Mai has been a key voice in the UK for engagement with the humanities for over a decade. Her research focuses on race and ethnicity in the ancient world. She is passionate about exploring the interconnectivity between the ancient Mediterranean world and North-East Africa. As a public-facing historian Mai has appeared on podcasts, TV, and radio discussing topics such as decolonisation, anti-racism, repatriation, and stories of ancient and modern migration. As a public engagement professional Mai has worked on history and heritage projects that foster co-curation, co-production, and building equitable relationships between communities and researchers.

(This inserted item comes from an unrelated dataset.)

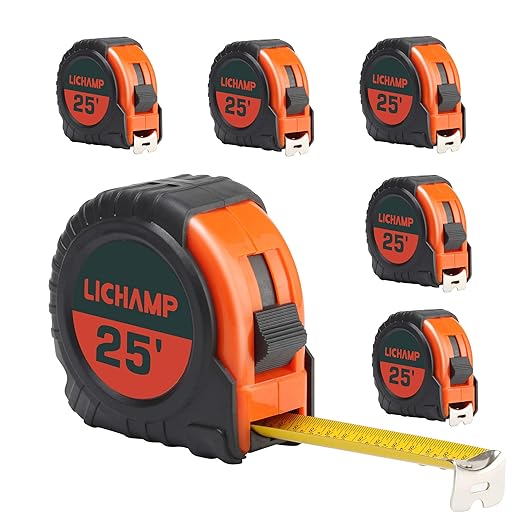 LICHAMP Tape Measure 25 ft, 6 Pack Bulk Easy Read Measuring Tape Retractable by Lichamp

Mai is a trustee of Classics for All - a national campaign to get classical languages and the study of classical civilisations back into state schools. She is also a trustee of The Roman Society, which aims to advance the understanding of ancient Rome and the Roman Empire. Mai is the co-founder of the Classics in Communities partnership project between the Universities of Oxford and Cambridge, and The Iris Project (an educational Classics charity). The project aims to promote and encourage the teaching of Latin and Ancient Greek at primary and early secondary school level (and beyond) in UK state schools. Mai is the co-editor (with Dr Arlene Holmes-Henderson and Steve Hunt) of the book Forward with Classics: Classical Languages in Schools and Communities, which investigates the motivations of teachers and learners behind the rise of Classics in the classroom and in communities. It also explores the ways in which knowledge of classical languages is considered valuable for diverse learners in the 21st century. Furthermore, Mai is a board member of Ways of Working (a social enterprise), and Archive for Performances of Greek and Roman Drama (APGRD) at the University of Oxford. In addition, she is an external advisor for the Faculty of Classics EDI Committee at Oxford, and a member of NCCPE’s Inclusion Advisory Group for Race Equality.

Helen Smee is a conductor, organist and workshop leader specialising in choral direction. A prize-winning graduate of the Choral Conducting course at the Royal Academy of Music, she works with a wide range of choirs, singers and instrumentalists. She leads choral workshops for schools, festivals and music organisations throughout the UK.

Based in Oxford, Helen is Director of the Cathedral girls' choir, Frideswide Voices, at Christ Church Cathedral. Alongside a busy freelance portfolio, including regular work as an animateur, adjudicator and choral advisor, she is a co-founder and Artistic Director of the Voices of London Festival, a week-long choral festival based in Paddington each June. She is a passionate advocate for women and girls in church music, and for the importance of high-quality music education for all children.